- REQUIREMENT -
Copy out the lines of the records below, and only those lines, from the one with "Hubbell Wiring Device-Kellems" through the one with "Vetements low cheap top sneakers", exactly as they appear.

- SUPPLIED DATA -
##########

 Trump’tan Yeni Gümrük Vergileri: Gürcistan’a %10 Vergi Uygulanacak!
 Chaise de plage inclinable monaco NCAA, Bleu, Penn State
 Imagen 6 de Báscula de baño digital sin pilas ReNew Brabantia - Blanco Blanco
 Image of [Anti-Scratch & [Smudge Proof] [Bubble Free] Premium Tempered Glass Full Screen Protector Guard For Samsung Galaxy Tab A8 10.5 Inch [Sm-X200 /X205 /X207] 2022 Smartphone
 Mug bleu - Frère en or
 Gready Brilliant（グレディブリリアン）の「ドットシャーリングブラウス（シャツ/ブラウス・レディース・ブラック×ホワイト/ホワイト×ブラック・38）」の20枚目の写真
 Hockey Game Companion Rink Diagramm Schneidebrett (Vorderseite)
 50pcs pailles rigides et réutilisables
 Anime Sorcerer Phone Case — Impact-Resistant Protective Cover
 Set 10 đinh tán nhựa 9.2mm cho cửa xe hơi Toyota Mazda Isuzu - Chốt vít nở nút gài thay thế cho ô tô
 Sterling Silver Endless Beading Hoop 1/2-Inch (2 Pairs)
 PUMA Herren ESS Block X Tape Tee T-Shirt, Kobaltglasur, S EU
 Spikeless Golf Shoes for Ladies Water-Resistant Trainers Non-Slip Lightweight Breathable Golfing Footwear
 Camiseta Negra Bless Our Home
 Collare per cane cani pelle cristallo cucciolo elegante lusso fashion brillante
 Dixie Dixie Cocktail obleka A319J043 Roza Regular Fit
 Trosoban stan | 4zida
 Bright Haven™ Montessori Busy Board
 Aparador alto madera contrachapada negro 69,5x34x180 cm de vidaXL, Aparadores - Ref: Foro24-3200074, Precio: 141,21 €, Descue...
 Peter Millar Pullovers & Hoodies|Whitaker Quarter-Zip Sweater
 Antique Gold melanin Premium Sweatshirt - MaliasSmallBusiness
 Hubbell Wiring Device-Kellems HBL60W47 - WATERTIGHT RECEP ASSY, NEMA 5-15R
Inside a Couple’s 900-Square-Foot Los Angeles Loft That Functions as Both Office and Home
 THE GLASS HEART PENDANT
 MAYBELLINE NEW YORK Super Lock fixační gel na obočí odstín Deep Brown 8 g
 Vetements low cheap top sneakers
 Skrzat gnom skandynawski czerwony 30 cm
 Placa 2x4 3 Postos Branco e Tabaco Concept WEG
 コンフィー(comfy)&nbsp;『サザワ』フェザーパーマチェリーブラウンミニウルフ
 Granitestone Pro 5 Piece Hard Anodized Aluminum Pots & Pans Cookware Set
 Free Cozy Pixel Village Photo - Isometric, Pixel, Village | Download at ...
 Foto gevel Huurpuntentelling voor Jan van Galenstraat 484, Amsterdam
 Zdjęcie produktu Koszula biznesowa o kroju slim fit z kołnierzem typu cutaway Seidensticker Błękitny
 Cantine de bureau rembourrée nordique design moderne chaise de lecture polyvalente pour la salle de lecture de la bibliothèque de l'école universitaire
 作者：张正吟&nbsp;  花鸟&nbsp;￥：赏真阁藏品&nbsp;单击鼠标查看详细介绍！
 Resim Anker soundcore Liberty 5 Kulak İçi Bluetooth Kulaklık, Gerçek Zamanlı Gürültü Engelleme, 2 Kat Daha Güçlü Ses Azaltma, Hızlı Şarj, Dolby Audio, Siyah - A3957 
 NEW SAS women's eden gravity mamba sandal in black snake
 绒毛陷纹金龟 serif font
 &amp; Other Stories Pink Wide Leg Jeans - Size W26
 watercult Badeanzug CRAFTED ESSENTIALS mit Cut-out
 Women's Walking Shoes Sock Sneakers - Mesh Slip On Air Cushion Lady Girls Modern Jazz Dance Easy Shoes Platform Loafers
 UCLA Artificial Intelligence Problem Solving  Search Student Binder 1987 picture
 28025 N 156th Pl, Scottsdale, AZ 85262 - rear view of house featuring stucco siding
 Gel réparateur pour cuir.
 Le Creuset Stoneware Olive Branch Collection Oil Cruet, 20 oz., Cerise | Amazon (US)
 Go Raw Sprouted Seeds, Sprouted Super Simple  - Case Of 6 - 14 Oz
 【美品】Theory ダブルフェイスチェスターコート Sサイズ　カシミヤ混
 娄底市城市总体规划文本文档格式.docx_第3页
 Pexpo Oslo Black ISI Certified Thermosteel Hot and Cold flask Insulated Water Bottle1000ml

##########

- YOUR SOLUTION -
 Hubbell Wiring Device-Kellems HBL60W47 - WATERTIGHT RECEP ASSY, NEMA 5-15R
Inside a Couple’s 900-Square-Foot Los Angeles Loft That Functions as Both Office and Home
 THE GLASS HEART PENDANT
 MAYBELLINE NEW YORK Super Lock fixační gel na obočí odstín Deep Brown 8 g
 Vetements low cheap top sneakers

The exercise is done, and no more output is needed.